[[ Data in this exercise, beginning ]]

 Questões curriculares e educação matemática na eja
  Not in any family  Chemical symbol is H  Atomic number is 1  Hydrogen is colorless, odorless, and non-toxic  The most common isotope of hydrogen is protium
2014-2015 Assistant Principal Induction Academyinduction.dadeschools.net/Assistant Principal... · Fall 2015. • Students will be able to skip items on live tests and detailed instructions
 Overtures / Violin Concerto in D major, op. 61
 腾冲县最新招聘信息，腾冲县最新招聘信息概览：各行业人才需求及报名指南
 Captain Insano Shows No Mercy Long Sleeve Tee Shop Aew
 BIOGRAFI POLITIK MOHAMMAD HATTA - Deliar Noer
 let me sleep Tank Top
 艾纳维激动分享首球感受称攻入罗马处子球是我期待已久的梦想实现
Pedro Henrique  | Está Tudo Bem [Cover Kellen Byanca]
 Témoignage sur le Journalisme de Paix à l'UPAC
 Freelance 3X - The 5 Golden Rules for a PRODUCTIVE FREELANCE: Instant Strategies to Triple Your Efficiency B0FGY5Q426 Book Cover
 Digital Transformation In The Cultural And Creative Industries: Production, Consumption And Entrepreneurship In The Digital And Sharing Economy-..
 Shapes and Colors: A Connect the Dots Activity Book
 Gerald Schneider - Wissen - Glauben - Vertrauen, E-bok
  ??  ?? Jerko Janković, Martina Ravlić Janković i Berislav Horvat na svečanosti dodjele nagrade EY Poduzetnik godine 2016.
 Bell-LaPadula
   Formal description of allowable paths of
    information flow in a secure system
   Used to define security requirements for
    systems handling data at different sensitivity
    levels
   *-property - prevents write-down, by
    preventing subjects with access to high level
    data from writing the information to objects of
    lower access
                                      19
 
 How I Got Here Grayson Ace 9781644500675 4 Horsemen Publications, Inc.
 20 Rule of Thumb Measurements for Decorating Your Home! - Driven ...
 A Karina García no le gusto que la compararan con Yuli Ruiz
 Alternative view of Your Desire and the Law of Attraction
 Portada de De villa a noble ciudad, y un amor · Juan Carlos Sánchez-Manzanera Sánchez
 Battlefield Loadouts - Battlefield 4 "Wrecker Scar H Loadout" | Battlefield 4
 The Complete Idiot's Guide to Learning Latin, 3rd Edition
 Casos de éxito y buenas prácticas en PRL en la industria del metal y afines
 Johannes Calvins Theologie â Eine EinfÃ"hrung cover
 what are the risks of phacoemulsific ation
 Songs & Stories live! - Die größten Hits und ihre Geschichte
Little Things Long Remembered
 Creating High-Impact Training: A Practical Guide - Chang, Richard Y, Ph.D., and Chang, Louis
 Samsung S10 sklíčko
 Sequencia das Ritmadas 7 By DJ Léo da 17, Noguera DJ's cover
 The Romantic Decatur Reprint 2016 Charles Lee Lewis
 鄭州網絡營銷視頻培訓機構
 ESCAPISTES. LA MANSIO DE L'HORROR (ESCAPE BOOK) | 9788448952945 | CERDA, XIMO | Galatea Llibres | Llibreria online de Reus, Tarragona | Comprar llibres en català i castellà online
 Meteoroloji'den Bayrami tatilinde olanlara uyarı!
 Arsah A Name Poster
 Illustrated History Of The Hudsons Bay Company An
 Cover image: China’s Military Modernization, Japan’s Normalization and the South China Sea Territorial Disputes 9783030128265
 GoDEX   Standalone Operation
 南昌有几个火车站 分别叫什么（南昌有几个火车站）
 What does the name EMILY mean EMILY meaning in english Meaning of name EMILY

[[ Data in this exercise, end ]]

* Aim of the exercise: For each line in the records that holds "access", show that line as it stands.

* Final answer:
    preventing subjects with access to high level
    lower access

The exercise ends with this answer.